I don’t know about the sort of day you had last Sunday, but I had a happy morning and afternoon at All Saints’ Church in Smyrna: meeting with a couple of Sunday school classes; preaching, confirming, and celebrating the Eucharist; joining the congregation for a traditional Karen feast afterward. The sun was shining and the temperature was mild. People were glad to see me and my gold hat. This is pretty much what I do every Sunday: the names and places change but the experience is always a good one. Sunday is the bishop’s best day, hands down.

All that changed when I got in the car and read the text from my wife, about the church shooting in Sutherland Springs, Texas. As evening wore on details became clearer, and the enormity of what had happened began to take shape in the mind. We are no strangers to tragedies like this, even tragedies in church, but this one seemed particularly terrible since we’ve hardly had time to recharge our batteries since the last one. Has it just been a week since this happened? How do we make sense of something like this?

The Gospel being the Gospel, the Good News of what God has done in Jesus Christ for us and for our salvation, there ought to be a clue in our reading today. Jesus is telling a story about a wedding, where ten bridesmaids are waiting for the bridegroom to arrive. He’s coming in the middle of the night, so the bridesmaids need oil for their lamps. Five have oil and are ready, but the other five have no oil and aren’t ready when the bridegroom comes. Only the wise ones are prepared to go on to the wedding feast.

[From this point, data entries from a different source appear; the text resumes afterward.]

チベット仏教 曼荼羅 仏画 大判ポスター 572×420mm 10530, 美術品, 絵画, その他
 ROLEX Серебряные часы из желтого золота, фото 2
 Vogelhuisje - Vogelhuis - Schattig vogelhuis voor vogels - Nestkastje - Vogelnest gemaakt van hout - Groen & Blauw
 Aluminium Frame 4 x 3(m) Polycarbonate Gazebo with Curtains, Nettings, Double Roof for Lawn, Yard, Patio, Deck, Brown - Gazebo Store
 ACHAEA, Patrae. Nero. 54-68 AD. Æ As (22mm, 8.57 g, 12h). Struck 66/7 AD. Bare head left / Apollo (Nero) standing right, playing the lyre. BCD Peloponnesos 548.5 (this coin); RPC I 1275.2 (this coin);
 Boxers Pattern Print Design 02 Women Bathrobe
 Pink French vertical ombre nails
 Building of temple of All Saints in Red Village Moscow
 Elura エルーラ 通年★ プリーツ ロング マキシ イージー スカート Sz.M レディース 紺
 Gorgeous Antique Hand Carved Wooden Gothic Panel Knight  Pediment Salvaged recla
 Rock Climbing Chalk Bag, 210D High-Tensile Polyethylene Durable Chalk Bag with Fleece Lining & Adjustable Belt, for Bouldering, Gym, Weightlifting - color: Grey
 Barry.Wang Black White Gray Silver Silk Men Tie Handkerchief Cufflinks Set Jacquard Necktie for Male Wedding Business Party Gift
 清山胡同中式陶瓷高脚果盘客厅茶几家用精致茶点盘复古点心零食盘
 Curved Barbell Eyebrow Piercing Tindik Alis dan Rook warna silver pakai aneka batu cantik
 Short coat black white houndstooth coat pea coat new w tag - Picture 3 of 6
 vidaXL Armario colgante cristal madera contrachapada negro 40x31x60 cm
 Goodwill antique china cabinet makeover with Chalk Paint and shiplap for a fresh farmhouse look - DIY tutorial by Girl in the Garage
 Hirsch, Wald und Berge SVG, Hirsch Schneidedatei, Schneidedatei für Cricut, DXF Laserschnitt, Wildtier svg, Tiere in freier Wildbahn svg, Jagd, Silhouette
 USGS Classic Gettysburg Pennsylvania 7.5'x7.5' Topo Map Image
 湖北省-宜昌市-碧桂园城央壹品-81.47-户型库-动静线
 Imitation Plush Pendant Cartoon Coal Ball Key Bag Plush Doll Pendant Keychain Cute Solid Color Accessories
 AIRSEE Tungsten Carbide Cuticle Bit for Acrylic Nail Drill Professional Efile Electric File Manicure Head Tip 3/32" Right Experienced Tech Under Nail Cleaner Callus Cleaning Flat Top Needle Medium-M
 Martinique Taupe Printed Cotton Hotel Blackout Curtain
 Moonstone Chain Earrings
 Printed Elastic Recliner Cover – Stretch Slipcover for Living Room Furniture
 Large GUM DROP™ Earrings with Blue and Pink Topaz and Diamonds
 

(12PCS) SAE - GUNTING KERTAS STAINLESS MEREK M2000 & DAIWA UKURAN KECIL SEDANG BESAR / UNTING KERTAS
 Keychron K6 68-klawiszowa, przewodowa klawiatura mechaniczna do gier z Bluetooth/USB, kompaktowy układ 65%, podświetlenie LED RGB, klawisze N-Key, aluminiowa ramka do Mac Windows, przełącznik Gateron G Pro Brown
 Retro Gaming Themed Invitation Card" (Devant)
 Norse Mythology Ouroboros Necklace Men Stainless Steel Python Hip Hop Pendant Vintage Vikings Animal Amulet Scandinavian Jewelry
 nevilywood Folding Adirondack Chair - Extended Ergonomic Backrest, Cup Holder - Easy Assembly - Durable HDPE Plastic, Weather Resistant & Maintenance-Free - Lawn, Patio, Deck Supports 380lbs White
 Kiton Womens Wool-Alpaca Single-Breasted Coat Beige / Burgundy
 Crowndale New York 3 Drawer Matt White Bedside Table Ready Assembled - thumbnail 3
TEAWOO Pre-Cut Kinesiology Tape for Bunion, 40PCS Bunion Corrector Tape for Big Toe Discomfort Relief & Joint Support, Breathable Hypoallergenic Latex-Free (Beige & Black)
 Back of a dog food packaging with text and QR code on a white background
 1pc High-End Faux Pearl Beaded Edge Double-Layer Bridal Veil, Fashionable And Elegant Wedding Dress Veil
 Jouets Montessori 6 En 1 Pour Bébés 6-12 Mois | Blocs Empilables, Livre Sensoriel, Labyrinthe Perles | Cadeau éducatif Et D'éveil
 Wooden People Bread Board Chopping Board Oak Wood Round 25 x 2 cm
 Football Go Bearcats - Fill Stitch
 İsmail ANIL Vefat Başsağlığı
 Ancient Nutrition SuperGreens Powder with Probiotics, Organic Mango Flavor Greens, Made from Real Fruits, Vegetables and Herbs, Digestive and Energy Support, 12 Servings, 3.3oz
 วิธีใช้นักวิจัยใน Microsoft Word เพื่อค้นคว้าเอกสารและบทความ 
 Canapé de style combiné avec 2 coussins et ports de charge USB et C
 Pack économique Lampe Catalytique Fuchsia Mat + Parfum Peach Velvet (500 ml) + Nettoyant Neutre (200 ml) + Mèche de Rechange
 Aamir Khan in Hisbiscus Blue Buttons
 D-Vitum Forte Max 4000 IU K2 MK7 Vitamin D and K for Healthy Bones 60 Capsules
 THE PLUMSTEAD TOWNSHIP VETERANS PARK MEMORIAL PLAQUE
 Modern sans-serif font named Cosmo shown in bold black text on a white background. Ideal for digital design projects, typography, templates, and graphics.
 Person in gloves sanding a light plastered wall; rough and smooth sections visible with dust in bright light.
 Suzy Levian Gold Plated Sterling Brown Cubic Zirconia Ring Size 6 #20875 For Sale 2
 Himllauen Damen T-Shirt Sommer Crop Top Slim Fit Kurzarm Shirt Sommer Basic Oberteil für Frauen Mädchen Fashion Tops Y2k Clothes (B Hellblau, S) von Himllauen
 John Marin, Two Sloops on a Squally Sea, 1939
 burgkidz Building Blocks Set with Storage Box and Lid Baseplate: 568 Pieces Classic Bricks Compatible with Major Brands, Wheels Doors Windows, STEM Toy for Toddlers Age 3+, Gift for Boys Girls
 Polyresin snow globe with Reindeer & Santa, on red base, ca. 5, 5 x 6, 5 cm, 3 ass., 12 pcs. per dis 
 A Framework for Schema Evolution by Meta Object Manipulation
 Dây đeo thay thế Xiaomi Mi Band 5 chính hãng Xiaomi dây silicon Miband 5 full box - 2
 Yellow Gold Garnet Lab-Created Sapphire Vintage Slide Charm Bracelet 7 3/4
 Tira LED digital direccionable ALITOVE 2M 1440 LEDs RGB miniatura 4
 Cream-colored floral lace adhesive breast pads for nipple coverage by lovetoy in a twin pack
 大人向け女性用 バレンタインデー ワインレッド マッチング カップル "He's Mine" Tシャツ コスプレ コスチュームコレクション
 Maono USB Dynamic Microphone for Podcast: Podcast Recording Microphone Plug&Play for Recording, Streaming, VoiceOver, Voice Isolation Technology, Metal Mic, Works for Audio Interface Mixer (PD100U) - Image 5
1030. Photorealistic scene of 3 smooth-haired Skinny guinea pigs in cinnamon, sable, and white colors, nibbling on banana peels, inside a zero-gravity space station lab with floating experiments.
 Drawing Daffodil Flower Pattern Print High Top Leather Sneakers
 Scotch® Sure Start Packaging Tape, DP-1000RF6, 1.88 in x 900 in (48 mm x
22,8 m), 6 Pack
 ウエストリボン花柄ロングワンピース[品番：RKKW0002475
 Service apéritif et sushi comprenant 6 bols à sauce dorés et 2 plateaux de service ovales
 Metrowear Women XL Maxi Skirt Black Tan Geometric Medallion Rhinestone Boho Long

This story, this parable that Jesus tells, is understood as a story about the coming of the Messiah, the Bridegroom, at the end of time. Jesus entered human time in order to save us, being born at a particular time and place in Judea two thousand years ago; but the time in which we live now, this present moment, is an “in-between time”. Jesus has come to save the world, to redeem all time from the moment of his birth to this moment now, but we still struggle in this time in which we live with sin and all its consequences.

In the midst of this we have hope because we can see the horizon ahead. The Messiah will come again to wrap up this “meantime” in which we live. That’s our horizon, a promise that’s still there, come what may. The Bridegroom draws near, and the wedding feast is prepared. The church is like those ten bridesmaids, waiting in the midst of the darkness, in the deepest and darkest part of the night. That’s when the Bridegroom will arrive, when we’re least expecting him.

Hope is about keeping our lamps burning. If we limit our hope to this world alone, we won’t really have a hope. The Gospel teaches us though that there is a horizon ahead and that God holds this world in his hand. We can’t explain why things happen but we can keep hope alive.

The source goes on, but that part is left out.